[Dataset excerpts — start]

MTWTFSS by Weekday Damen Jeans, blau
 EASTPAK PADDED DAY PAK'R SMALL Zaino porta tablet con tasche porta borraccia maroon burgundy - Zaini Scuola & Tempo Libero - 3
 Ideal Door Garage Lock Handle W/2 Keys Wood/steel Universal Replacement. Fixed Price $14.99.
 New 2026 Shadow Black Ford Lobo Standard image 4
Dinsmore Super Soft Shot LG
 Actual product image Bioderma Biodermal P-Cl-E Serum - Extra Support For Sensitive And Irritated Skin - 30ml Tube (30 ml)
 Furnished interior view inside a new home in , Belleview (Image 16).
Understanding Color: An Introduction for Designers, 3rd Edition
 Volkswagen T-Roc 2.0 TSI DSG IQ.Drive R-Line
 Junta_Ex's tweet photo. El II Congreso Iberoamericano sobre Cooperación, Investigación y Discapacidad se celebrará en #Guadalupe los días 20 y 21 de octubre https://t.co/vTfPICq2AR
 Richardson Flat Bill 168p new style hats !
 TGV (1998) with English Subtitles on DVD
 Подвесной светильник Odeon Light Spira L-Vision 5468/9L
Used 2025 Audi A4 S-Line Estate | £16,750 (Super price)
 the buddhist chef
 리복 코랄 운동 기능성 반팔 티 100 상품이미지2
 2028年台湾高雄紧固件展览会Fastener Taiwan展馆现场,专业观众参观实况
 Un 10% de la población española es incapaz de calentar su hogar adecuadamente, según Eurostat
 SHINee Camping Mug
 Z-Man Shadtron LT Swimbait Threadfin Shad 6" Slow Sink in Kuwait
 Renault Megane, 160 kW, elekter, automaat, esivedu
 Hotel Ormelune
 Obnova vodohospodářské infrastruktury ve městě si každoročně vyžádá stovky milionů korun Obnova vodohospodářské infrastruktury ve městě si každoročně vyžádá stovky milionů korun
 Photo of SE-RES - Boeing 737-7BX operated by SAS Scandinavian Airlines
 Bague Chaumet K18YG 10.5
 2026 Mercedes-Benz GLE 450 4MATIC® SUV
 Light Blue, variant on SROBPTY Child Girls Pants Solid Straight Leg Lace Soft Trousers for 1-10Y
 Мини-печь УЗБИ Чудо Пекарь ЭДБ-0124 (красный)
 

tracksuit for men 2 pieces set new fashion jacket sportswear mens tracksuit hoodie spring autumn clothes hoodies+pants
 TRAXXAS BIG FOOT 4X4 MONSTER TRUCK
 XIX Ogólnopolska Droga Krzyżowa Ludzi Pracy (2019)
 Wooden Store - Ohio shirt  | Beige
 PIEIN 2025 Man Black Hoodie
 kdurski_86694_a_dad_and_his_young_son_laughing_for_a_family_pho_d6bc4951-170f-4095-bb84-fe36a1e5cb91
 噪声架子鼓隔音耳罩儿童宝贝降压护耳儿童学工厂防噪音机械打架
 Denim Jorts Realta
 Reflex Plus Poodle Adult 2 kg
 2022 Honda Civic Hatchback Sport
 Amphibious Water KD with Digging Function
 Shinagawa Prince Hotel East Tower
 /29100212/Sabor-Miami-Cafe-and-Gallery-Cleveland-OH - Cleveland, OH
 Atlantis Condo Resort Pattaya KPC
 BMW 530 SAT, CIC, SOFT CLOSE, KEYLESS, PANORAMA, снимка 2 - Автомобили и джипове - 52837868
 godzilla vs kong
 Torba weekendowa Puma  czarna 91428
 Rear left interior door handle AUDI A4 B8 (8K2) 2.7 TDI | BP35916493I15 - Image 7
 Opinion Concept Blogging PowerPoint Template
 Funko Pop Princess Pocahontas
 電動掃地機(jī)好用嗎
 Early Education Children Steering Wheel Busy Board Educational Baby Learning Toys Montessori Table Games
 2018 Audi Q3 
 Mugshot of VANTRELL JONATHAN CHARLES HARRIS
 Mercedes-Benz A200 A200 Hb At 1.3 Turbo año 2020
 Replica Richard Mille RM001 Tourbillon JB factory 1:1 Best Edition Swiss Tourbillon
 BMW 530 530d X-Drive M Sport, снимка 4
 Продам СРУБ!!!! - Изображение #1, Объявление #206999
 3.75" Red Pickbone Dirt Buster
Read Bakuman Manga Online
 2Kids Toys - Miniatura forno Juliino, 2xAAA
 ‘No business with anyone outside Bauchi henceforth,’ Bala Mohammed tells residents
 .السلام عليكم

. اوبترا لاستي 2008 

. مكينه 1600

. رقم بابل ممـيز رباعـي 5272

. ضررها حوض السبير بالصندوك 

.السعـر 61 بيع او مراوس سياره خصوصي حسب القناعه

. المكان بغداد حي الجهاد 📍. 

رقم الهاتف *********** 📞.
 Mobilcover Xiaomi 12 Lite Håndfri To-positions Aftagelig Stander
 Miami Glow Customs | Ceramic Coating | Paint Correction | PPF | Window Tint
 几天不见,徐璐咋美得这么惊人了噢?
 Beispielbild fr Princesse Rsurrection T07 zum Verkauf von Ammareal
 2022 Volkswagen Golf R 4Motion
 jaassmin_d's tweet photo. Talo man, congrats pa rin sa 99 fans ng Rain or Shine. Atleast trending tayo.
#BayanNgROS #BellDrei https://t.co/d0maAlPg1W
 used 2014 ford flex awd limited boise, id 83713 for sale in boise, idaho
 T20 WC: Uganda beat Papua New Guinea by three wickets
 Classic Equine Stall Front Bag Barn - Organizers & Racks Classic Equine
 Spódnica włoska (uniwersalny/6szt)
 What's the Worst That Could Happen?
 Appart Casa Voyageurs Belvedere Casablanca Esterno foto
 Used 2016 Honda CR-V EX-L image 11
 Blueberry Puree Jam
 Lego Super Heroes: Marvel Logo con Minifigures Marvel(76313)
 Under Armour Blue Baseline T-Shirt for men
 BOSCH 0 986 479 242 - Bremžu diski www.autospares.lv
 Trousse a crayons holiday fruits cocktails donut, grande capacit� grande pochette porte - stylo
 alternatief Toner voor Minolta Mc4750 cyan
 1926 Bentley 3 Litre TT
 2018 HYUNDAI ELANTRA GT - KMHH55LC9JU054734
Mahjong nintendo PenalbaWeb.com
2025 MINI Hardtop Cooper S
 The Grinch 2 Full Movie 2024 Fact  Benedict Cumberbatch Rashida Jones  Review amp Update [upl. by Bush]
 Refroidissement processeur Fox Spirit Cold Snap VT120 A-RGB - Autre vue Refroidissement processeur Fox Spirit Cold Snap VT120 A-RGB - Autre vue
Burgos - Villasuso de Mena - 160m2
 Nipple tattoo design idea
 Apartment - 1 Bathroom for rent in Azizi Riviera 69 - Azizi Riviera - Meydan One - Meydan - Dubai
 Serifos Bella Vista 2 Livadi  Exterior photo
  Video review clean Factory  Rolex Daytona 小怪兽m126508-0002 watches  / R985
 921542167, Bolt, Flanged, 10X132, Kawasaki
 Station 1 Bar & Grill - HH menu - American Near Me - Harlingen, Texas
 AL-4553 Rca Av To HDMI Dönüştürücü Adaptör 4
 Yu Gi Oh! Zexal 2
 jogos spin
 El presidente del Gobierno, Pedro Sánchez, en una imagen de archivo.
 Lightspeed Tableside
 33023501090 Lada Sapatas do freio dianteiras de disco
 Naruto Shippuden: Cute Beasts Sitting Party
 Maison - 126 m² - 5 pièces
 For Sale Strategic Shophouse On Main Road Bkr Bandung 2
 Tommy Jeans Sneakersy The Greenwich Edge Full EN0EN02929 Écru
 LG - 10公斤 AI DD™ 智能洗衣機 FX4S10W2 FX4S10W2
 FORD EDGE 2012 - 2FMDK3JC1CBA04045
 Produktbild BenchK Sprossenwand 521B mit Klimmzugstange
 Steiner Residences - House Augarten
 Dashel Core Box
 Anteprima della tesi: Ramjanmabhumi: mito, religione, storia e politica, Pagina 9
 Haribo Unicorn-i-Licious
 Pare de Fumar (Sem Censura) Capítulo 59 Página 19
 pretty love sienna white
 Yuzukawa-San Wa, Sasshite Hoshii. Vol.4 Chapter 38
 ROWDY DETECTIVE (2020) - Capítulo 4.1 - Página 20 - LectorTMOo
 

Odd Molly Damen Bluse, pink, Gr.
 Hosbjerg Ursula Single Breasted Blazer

[Dataset excerpts — finish]

Work task: Copy each line above that has the word "Volkswagen".

Answer space:
 Volkswagen T-Roc 2.0 TSI DSG IQ.Drive R-Line
 2022 Volkswagen Golf R 4Motion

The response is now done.